LONDON — Global oil supplies tightened further this weekend as commercial traffic through the Strait of Hormuz remained sharply reduced amid ongoing U.S.-Iran ceasefire tensions, energy analysts and shipping trackers said.
The narrow waterway, which normally carries about one-fifth of global oil supplies, has seen commercial transits limited since early March following Iranian restrictions and U.S. responses, according to the International Energy Agency and maritime intelligence reports. Flows have been reduced to a small fraction of pre-conflict levels, with most major operators and insurers avoiding the route.
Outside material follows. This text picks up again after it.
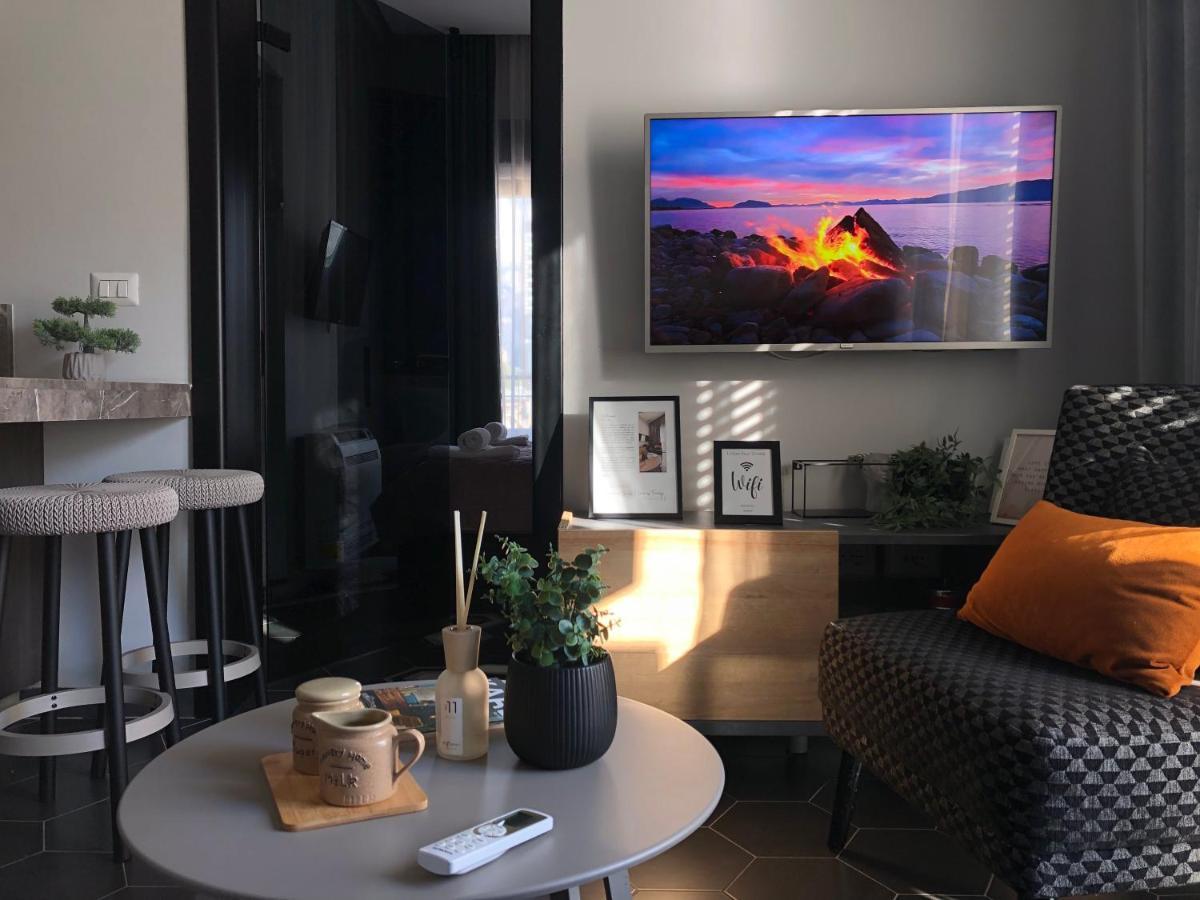 Urban Stay Tirana Deluxe Екстериор снимка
The disruptions stem from the broader conflict that began in late February and the fragile ceasefire established in April. Iran has coordinated limited passages for select vessels, primarily its own or aligned tankers, while U.S. officials have maintained positions aimed at securing open navigation, industry sources said.
Oil prices have remained elevated but stable in recent days, with benchmarks holding below $100 per barrel as of Friday, supported by draws from global stockpiles, increased U.S. production and rerouting efforts, market data showed. However, analysts warned of growing pressure on inventories due to the persistent shortfall of roughly 10 million barrels per day from Persian Gulf exports.
“Transit through the Strait of Hormuz remains restricted, coordinated, and selectively enforced,” a maritime intelligence firm noted in a recent assessment.
The situation has prompted some Gulf producers to explore alternative export routes where possible, though pipeline capacity is limited. OPEC+ and other producers have discussed the prolonged nature of the disruption, with consultants indicating it could take months for operations to normalize even if the strait reopens.
No immediate new attacks on shipping were reported over the weekend, but shipping groups continued to advise caution. Earlier incidents in the region had led to stranded vessels and heightened insurance costs.
As of Sunday, U.S. and Iranian negotiators, with Pakistani mediation, were engaged in talks to address the strait and nuclear issues, officials said. Details on any potential timelines for resumed full traffic remained unclear. Energy markets were closely monitoring developments, with traders citing risks of further inventory draws if the impasse continues into the summer.
The U.S. Energy Information Administration and other monitors continued to track the situation, urging preparedness for potential volatility in energy prices and supply chains.